Addressing nutritional deficiencies and bio-individualized nutrient needs of the recovering alcoholic is crucial and absolutely necessary for long-term success. 

Nutrient support is bio-individualized based on each person’s unique biochemistry. Those with mood disorders, anxiety, ADD, depression, bipolar, schizophrenia, alcoholism should all be screened for Pyroluria using a simple urine test. Elevated pyrroles alter brain chemistry, and deplete Vitamin B-6 and zinc and cause oxidative stress.
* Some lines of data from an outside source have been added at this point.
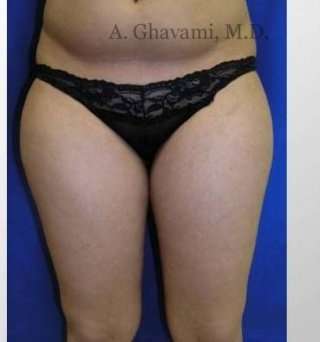 Liposuction before and after - before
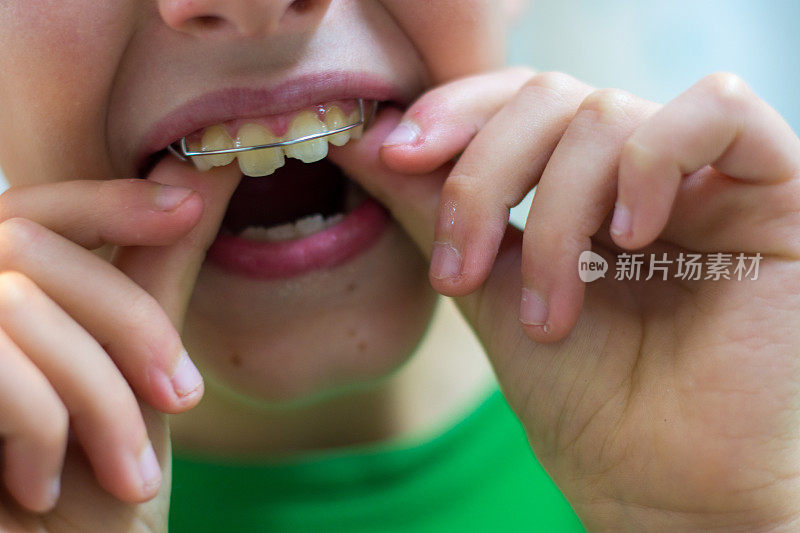 一个孩子戴上牙套，把牙套抱在怀里。牙医和正畸医生的概念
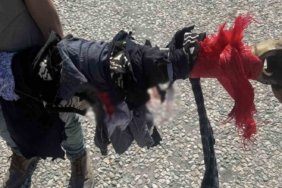 Traktör şaftına kolunu kaptıran kadın ağır yaralandı
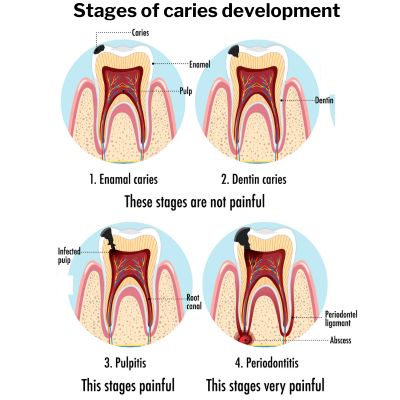 tooth decay pictures in adults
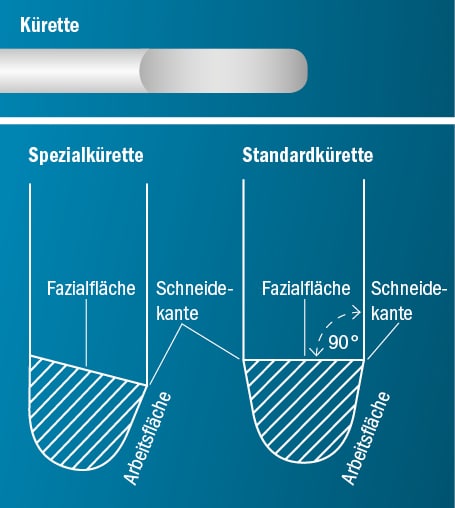 spitzen_aufbau Spitzen Aufbau Kürette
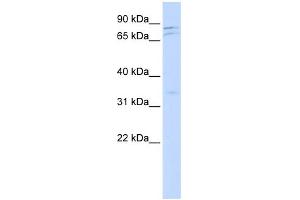 WB Suggested Anti-NEK11 Antibody Titration:  0. (NEK11 抗体  (Middle Region))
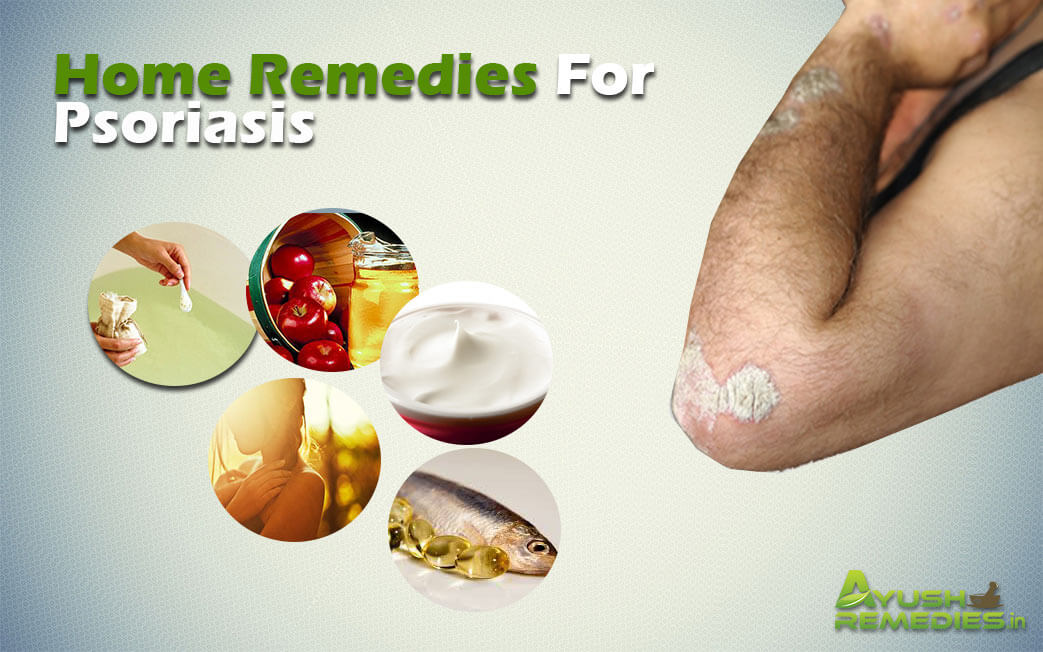 Home Remedies for Psoriasis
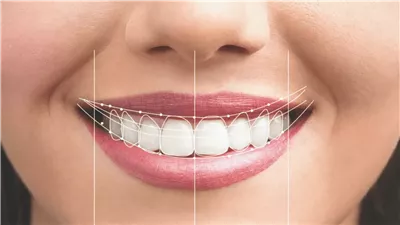 ضحكتك تقولك كل حاجة.. اعرف صحة أسنانك من ابتسامتك بس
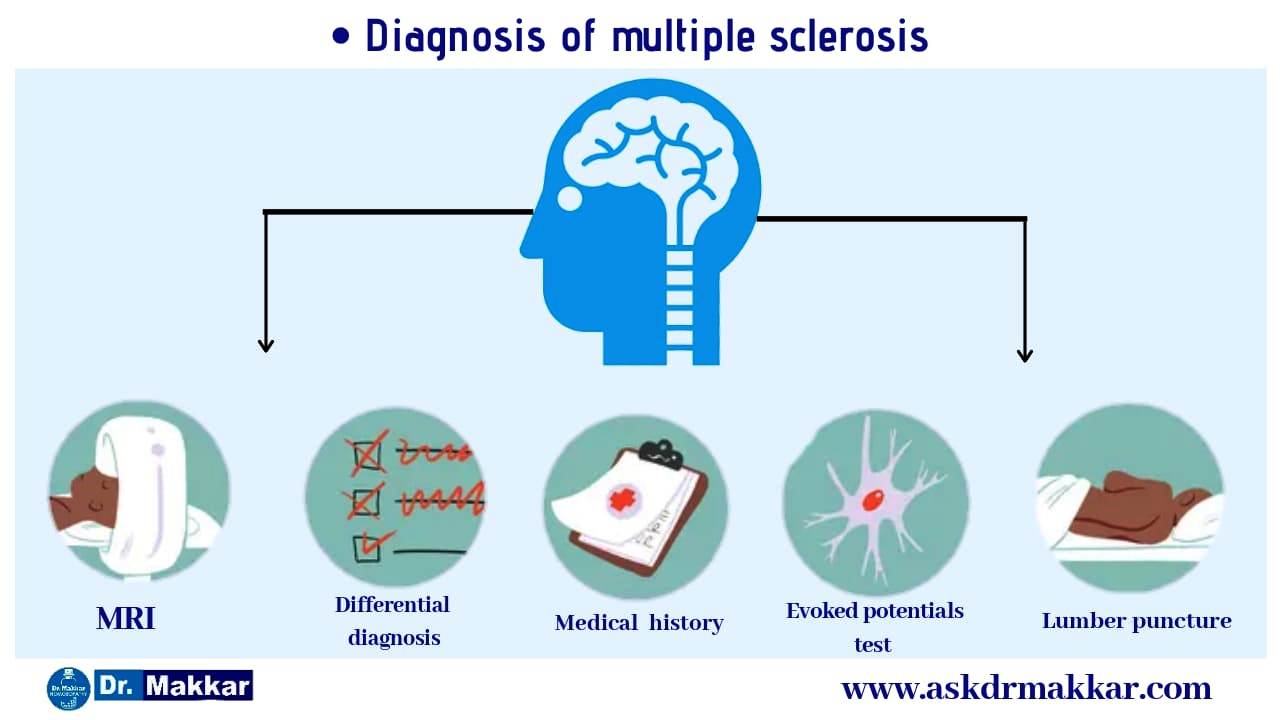 Diagnosis of Multiple Sclorosis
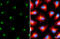 Polypeptide N-Acetylgalactosaminyltransferase 2 antibody, GTX104070, GeneTex, Immunofluorescence image 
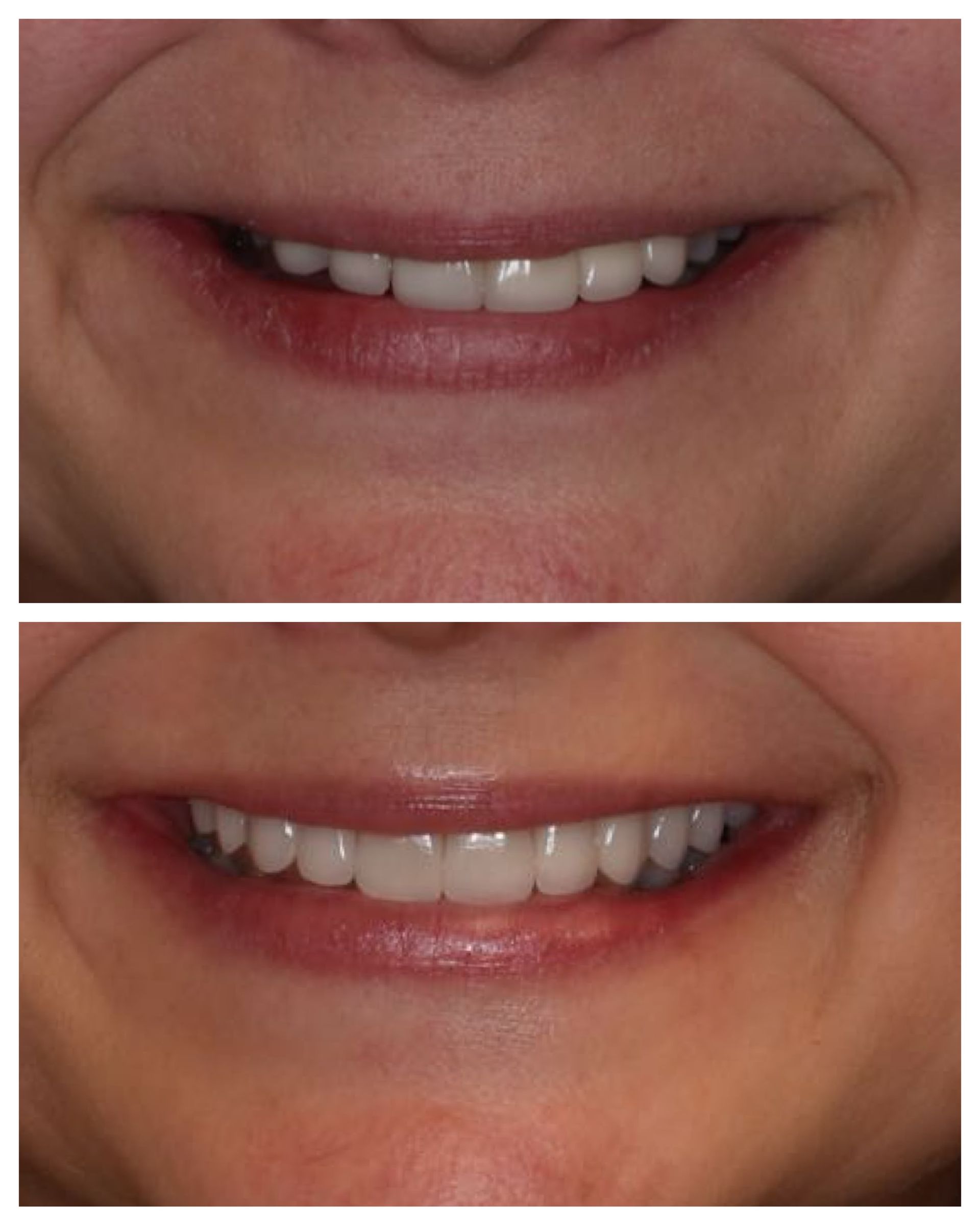 Before and after dental work of Angel M.
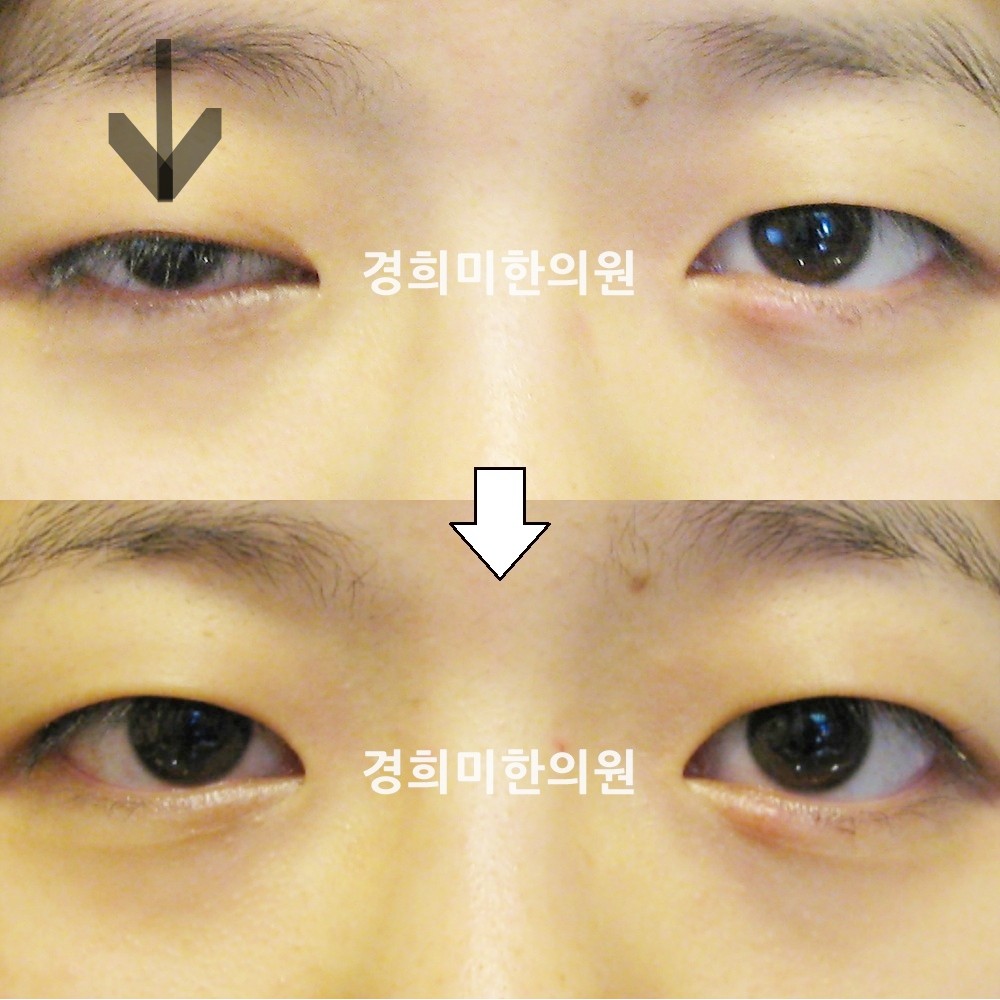 28번-13294-강중-표시.jpg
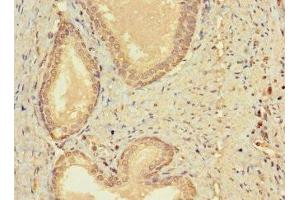 Immunohistochemistry of paraffin-embedded human prostate cancer using ABIN7147459 at dilution of 1:100 (CERKL Antikörper  (AA 1-558))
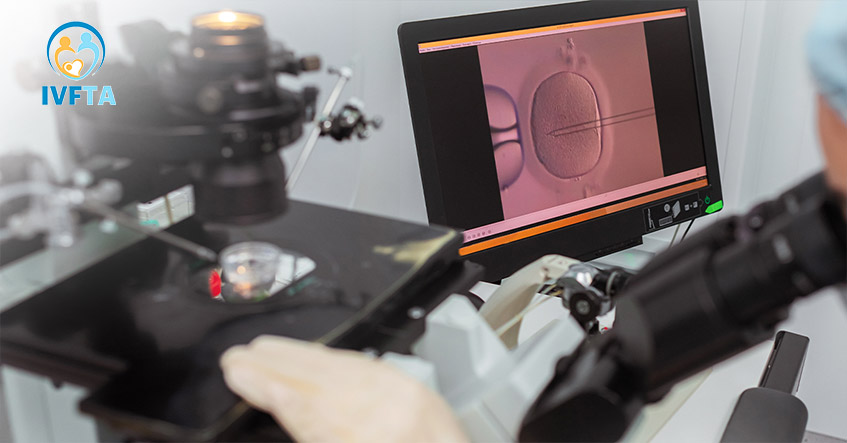 quy-trinh-chuyen-phoi-n3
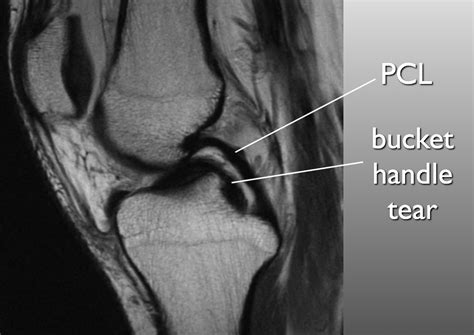 Double Pcl Sign Appears On Sagittal Mri Images Of The Knee When A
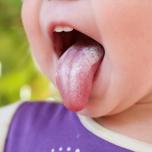 In quanto tempo si guarisce dalla candida orale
A comprehensive stool test to rule out underlying infections, an organic acid test to assess neurotransmitters, and a functional blood chemistry analysis to identify nutrient deficiencies are extremely helpful in balancing body chemistry.

Alcohol and Nutrient Support

Nutritional supplementation is essential to the nutritional approach, though these must be tailored to a person’s individual body chemistry.

Primary Nutrient Therapy

  • B vitamins, specifically thiamine (vitamin B1), folate, riboflavin (vitamin B2), vitamin B6 and vitamin B12
  • Omega-3s and essential fatty acids
  • Zinc and magnesium
  • Digestive enzymes, bile support and hydrochloric acid
  • Fat-soluble vitamins A, D and K
  • Probiotics
  • Multi-vitamin and mineral
  • L-glutamine powder

Healing and recovering from any addiction is a life-long process.